▸ **Material for the task**
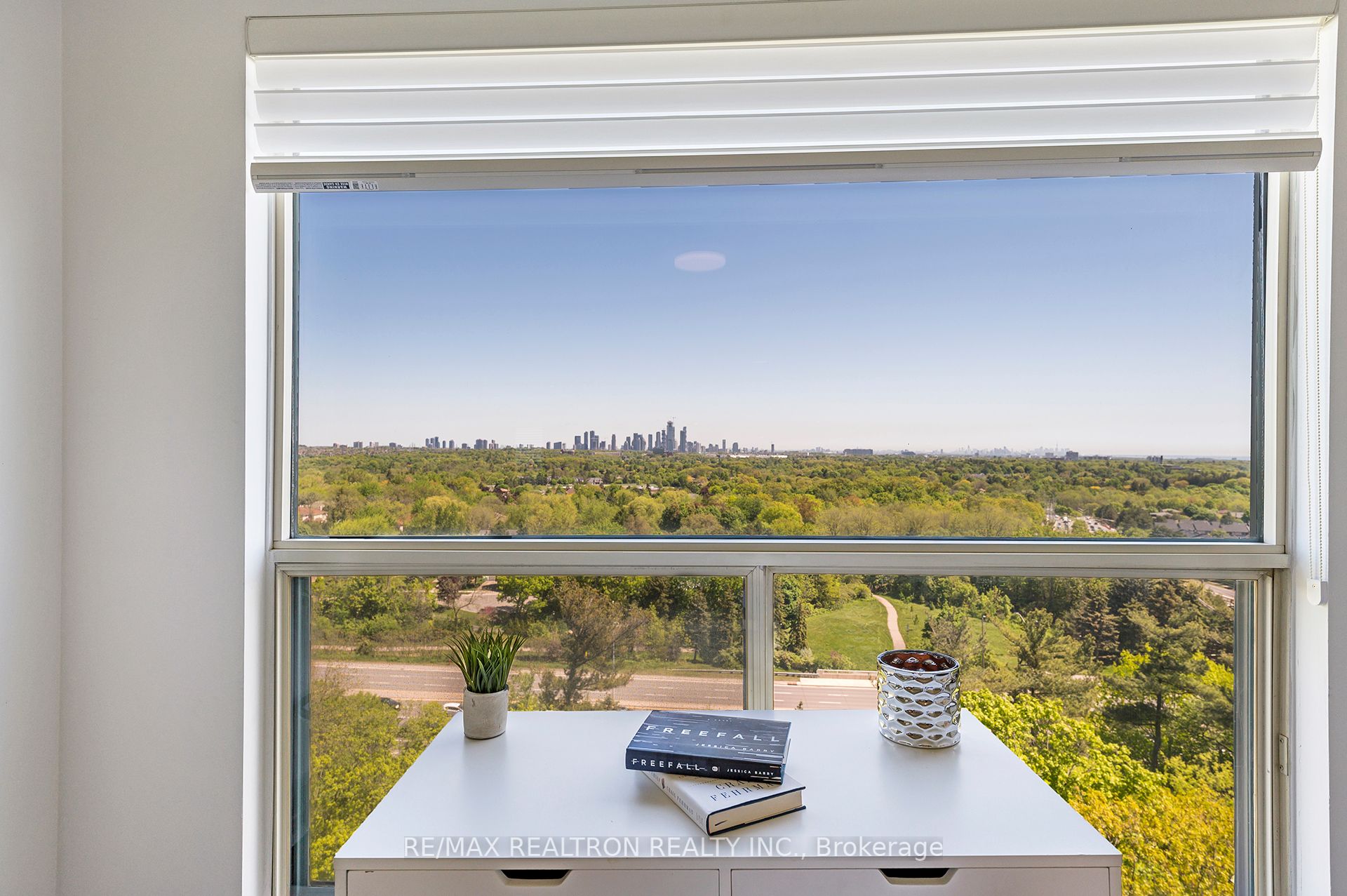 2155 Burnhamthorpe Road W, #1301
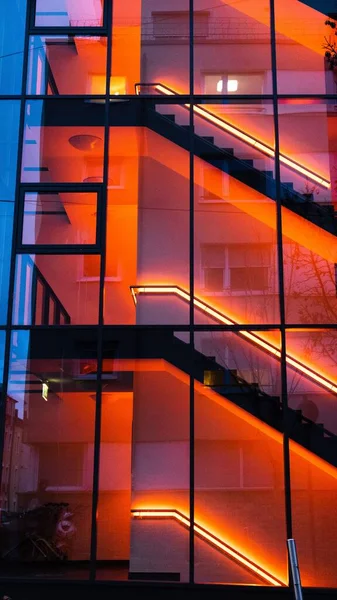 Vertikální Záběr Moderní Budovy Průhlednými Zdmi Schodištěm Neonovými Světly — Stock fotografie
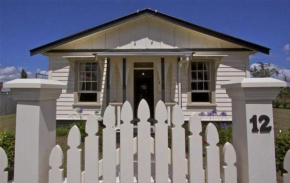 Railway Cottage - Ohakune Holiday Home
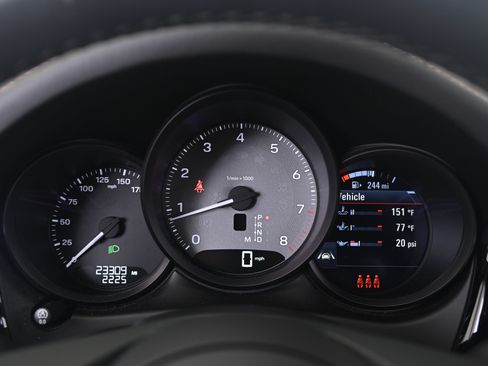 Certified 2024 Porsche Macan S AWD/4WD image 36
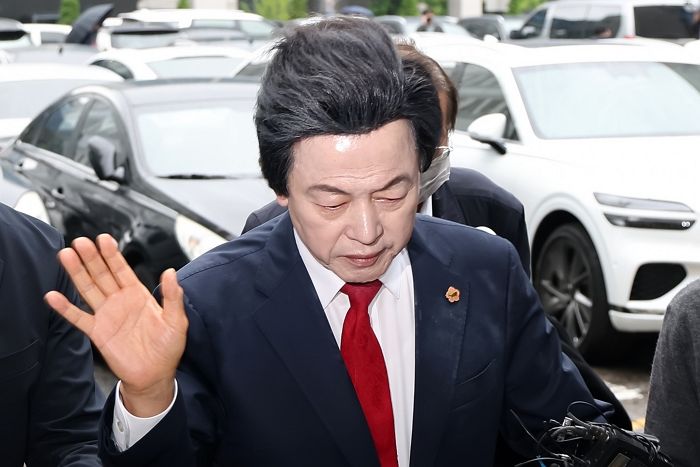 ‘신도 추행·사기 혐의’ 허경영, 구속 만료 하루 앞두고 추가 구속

▸ **Task goal**
Set down, exactly as written, each line from the one that contains "Vertikální Záběr Moderní" to the last line of the records, but none of the pictures.

▸ **Result**
 Vertikální Záběr Moderní Budovy Průhlednými Zdmi Schodištěm Neonovými Světly — Stock fotografie
 Railway Cottage - Ohakune Holiday Home
 Certified 2024 Porsche Macan S AWD/4WD image 36
 ‘신도 추행·사기 혐의’ 허경영, 구속 만료 하루 앞두고 추가 구속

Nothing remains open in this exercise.